Dr. Andrea Gerlak sheds light on the effects of COVID-19 on water insecurity, especially in rural communities. Read the full article here: https://thehill.com/opinion/energy-environment/511299-heat-waves-to-heighten-energy-and-water-insecurity-during-covid-19
New podcast from Journal of the Southwest Radio Hour featuring the green infrastructure expertise from Dr. Adriana Zuniga-Teran: Better Monsooner than Later, with Patricia Schwartz.

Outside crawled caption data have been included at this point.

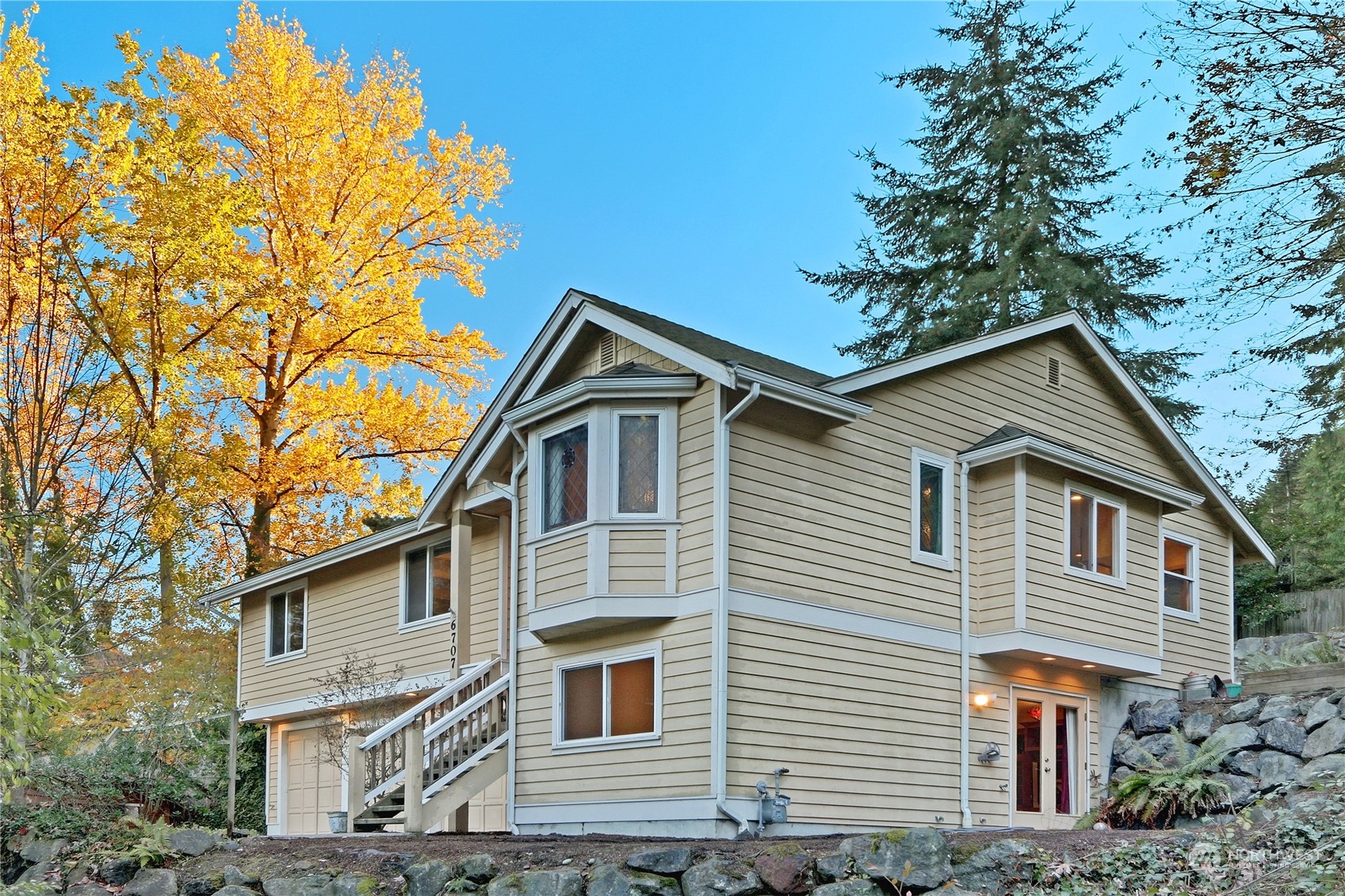 6707 NE 195th Street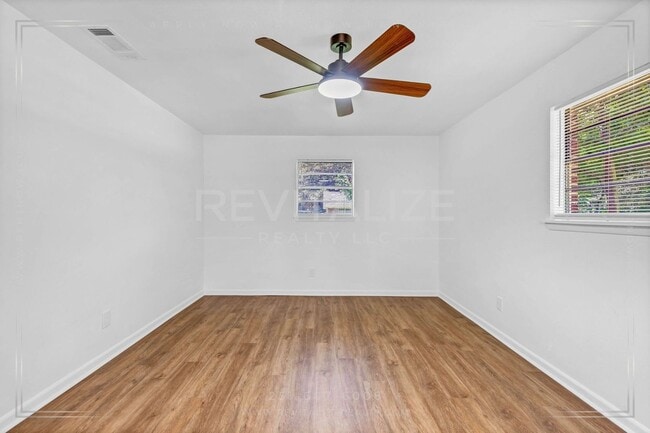 Building Photo - Fully Renovated 4 Bed / 2 Bath in Bay Mine...
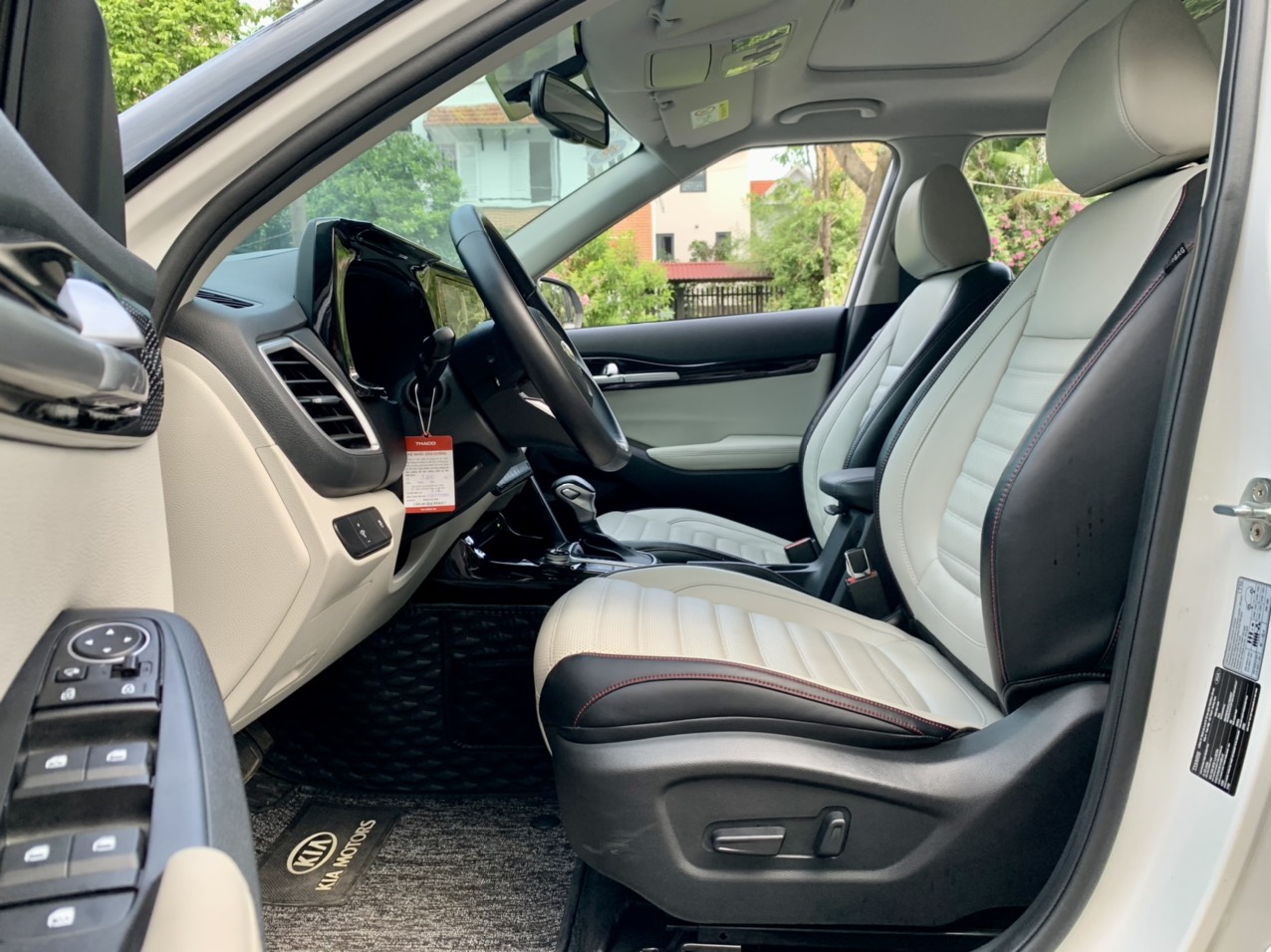 Kia Seltos 1.4 Preminum 2020 màu trắng (Đã bán)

Depending on where you’re standing, summer rains in the desert can mean rejuvenation or destruction (or both). Rapid urbanization has put borderlands cities out of touch with the storm waters that sustain them, an oversight for which they pay dearly in flood damages and eroded soils. What predictions can we make about the future of the monsoon in the Sonoran Desert? What are we doing to make use of the rain and prevent it from sweeping us away? How can storm water management be used to promote environmental justice and urban equity?
Written, produced, and narrated by Patricia Schwartz, a graduate student in the School of Geography, Development and Environment, University of Arizona, this ~40 minute podcast features interviews with Dr. Gregg Garfin, University Director of the Southwest Climate Adaptation Science Center and Associate Professor/Extension Specialist at the School of Natural Resources and the Environment at the University of Arizona; and Dr. Adriana Zuniga-Teran, Assistant Research Scientist and Professor at the School of Landscape Architecture and Planning and the Udall Center for Studies in Public Policy at the University of Arizona.